The O’s pounded the Rays, 9-1, slugging five home runs, including a pair of back-to-back blasts against Odorizzi.
“Overall a frustrating night, not just for me, but frustrating that I let the guys down,” Odorizzi said. “We need all these games right now. Letting them down is the biggest disappointment for my night.
“I don’t care about myself giving up eight (runs), it’s just that I didn’t give us a good chance to win, and we need that right now.”
Odorizzi allowed career-highs in runs (eight) and hits (11). He became the first Rays pitcher to allow back-to-back home runs twice in the same game.
“They beat us up,” Maddon said. “Give them credit.”
The Orioles returned home after scoring just four runs on 13 hits during their three losses at Wrigley Field. But they got well in a hurry against Odorizzi, who said his fastball was running back over the plate.
It was a problem Alex Cobb noticed from watching video of the Orioles’ three-run third inning, which featured a two-run homer by Nick Markakis and a solo shot by the next batter, Steve Pearce.

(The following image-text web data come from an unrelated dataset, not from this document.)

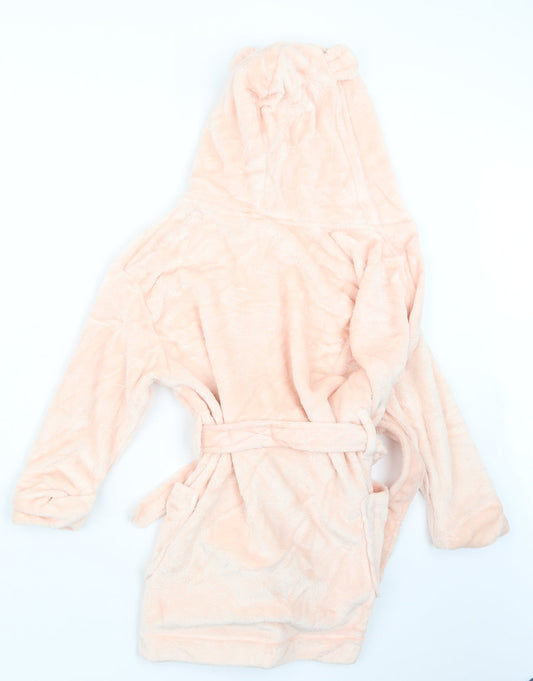 NEXT Girls Pink Geometric Top Robe Size 5-6 Years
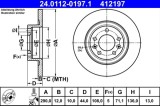 Disc frana ATE 24.0112-0197.1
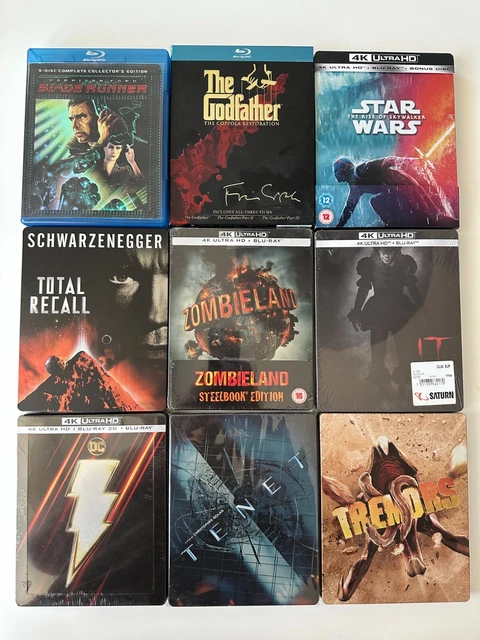 Lot steelbook et Amaray (Etat Neuf) 9 titres 4K UHD and Bluray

Odorizzi said he corrected the problem in the fourth inning, but it returned in the fifth when the Orioles scored six runs — the first five off of Odorizzi.
The Orioles opened the inning with three straight singles that produced a run on an error by Matt Joyce in left field.

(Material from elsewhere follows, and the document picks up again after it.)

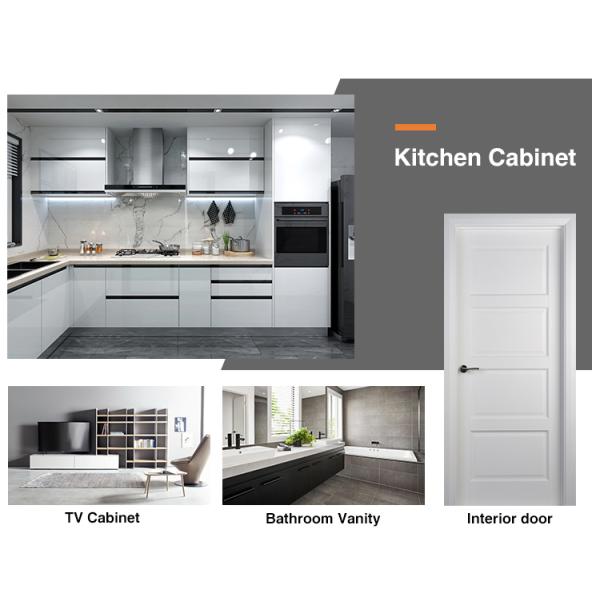 Waterproof Custom Kitchen Cabinets with Solid Wood Construction and Lacquer Coating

Former Ray Delmon Young drove a three-run homer to left field to put the Orioles up 7-1. J.J. Hardy followed with a home run to chase Odorizzi.
“He didn’t have his swing-and-miss stuff, that’s the best way to describe it,” Maddon said.

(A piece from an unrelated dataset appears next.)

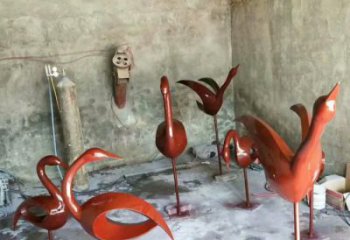 庭院雀鸟雕塑厂家 欧式仿真摆件 户外喷漆雀鸟雕塑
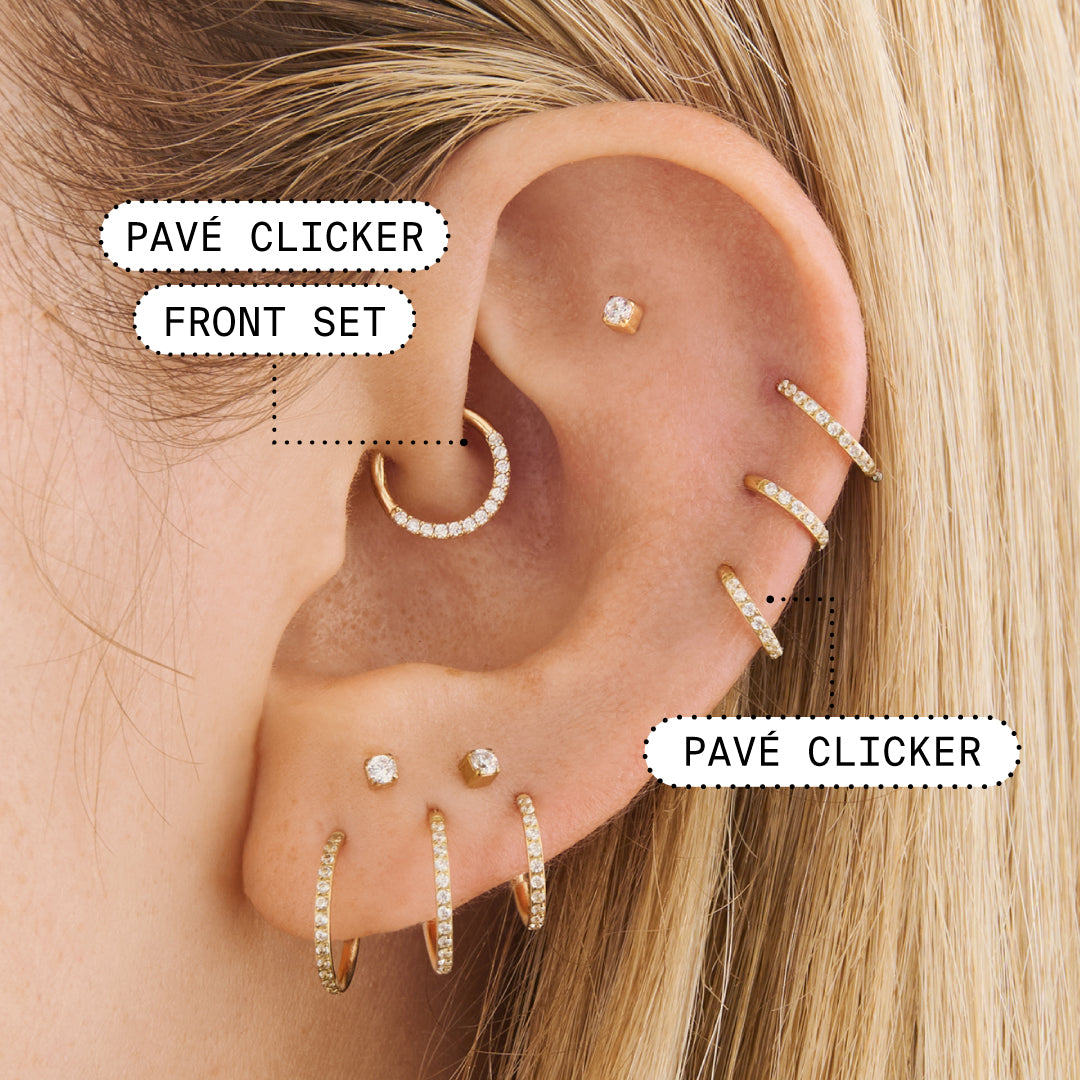 6mm Pave Clicker - STUDS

Chris Davis greeted Kirby Yates with a home run as the Orioles went back-to-back-to-back. The last time that happened to the Rays was July 20, 2010, when Matt Garza allowed three consecutive home runs to the Orioles.
The last team to hit five home runs in a game off the Rays was the Indians, who did it on April 7, 2013.
“They were big fly balls,” Maddon said.
It was the first time the Rays allowed nine runs in a game since June 5 when the Marlins scored 11.
The loss dropped the Rays to 11 games behind the Orioles in the AL East. They began play Monday 7½ games behind the Mariners, who hold the second of the two AL wild-card spots.
Maddon said before the game the goal was to catch the Orioles, which is why this four-game series is so vital.
“You always aim high, so our aim is going to be the division,” Maddon said.
But only 31 games remain in the season, meaning the math is getting harder.
“Until the math tells me to give up, I’m not going to,” Maddon said. “We just came off a really hard-fought series in Toronto where we didn’t lose a game (the Rays are protesting Saturday’s loss), and you come in here and you get blown up one night, you just throw it in the trash can and move on. We still have a chance to win the series. That was the goal coming in. That’s still within our reach.”